Paul Vadakumpadan , Guwahati says, Letter from America
360° VIEW
Guwahati, Sep. 27. For a long time, I used to be a regular listener to Alistair Cooke`s BBC radio programme Letter from America. Cooke`s letter was the longest running radio programme in history by a single person, lasting 58 years.
In those days, of course satellite TV and 24 hour news channels were almost science fiction. The BBC radio was our window to the world. An enterprising young student of theology, Andrew by name, even managed to contact the BBC correspondent Mark Tully in connection with a holiday magazine we were publishing from Mawlai.
This time I am also writing a letter from America. Recently I was privileged to do the traditional mission preaching in America, no doubt a great nation, like our own. I repeat what I have said earlier, with even greater conviction: one of the great joys of going abroad is the joy of coming back. If someone objects that this is an act of chauvinistic, sanctimonious, puerile affirmation on my part, I choose not to argue further.
I consider it a privilege to have had the opportunity to spend some time in the richest and poorest parts of the world. In both I saw good as well as bad people, happy as well as unhappy people. I was impressed to see clean, wide roads, excellent buildings, well ordered traffic, manicured lawns, hardworking and law abiding people wherever I went in the US and Canada. There are clear laws. And laws are enforced. All the people seemed to obey them. This is a big difference between rich countries and poor countries and may also be partly the cause of such distinction. In poor countries like our own, law enforcement is weak. Often enough law breakers are not held accountable for their behaviour. On the other hand those who obey the law are not necessarily recognised. Worse still in a context of corruption, the guilty can even be proved innocent and the innocent guilty. This is one of the reasons for increasing poverty and never-ending corruption.
However impressed I was with such law abidingness in those countries, there was one thought often in my mind. If only they could keep God`s laws as they keep man`s laws! If they could desist from creating a culture where sexual permissiveness and atheistic secularism are the rule rather than the exception! If they could only keep the ten commandments of God as they keep their numerous man made commandments. Sometimes I also felt that ``Big Brother`` was always watching.

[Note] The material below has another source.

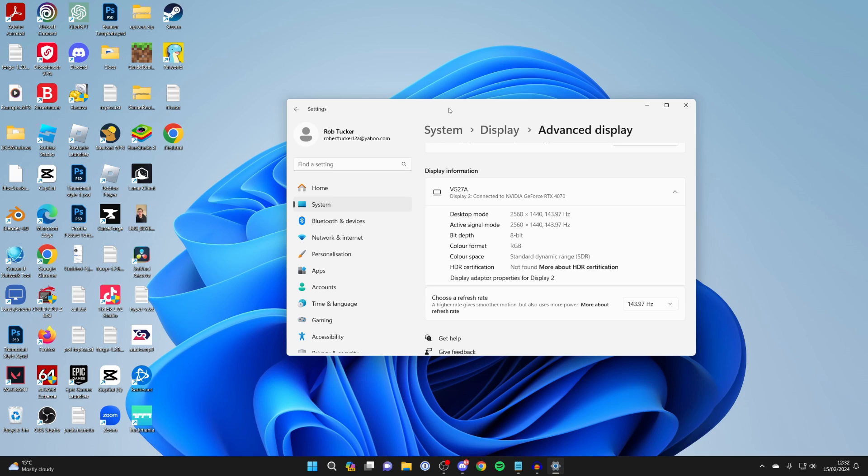And if you want to, you can overclock your monitor and then you can get an even higher refresh rate as well. We've got a separate guide on that which you can check out if you're interested. But if you found this useful, then please consider subscribing and liking the video.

I was even reminded, unkindly perhaps, of George Orwell`s 1984. At the airport security, big brother did not spare even Shah Rukh Khan and Mammooty.
May the great American people, with great achievements to their credit, also feel that the great father is watching, but not like big brother. Finally, it is only His unchanging laws that will make life worth living. A terrestrial paradise can be destroyed by another 9/11 or by the sort of terror that Dominique Lapierre speaks of in his 2005 bestseller Is New York Burning?
The marvel of American progress was the fruit of the work of believers, persons like Washington, Jefferson, Lincoln, Kennedy, Martin Luther King. The post-war miraculous economic transformation of Western Europe resulted from the hard work of leaders, who were devout Christians, Konrad Adenauer in Germany, Robert Schuman in France, Alcide De Gasperi (Servant of God) in Italy. All practising Catholics! The so-called dictatorship of relativism will only destroy that progress, not develop on it. God never stands in the way of man`s progress. But man without God could become man`s biggest enemy. Have they already forgotten the story of Communism in Eastern Europe?
Only God`s kingdom lasts for ever. May that kingdom come. And may we do his will. And may the laws passed by our leaders, including judicial pronouncements, whether in India or in America, never go against that will.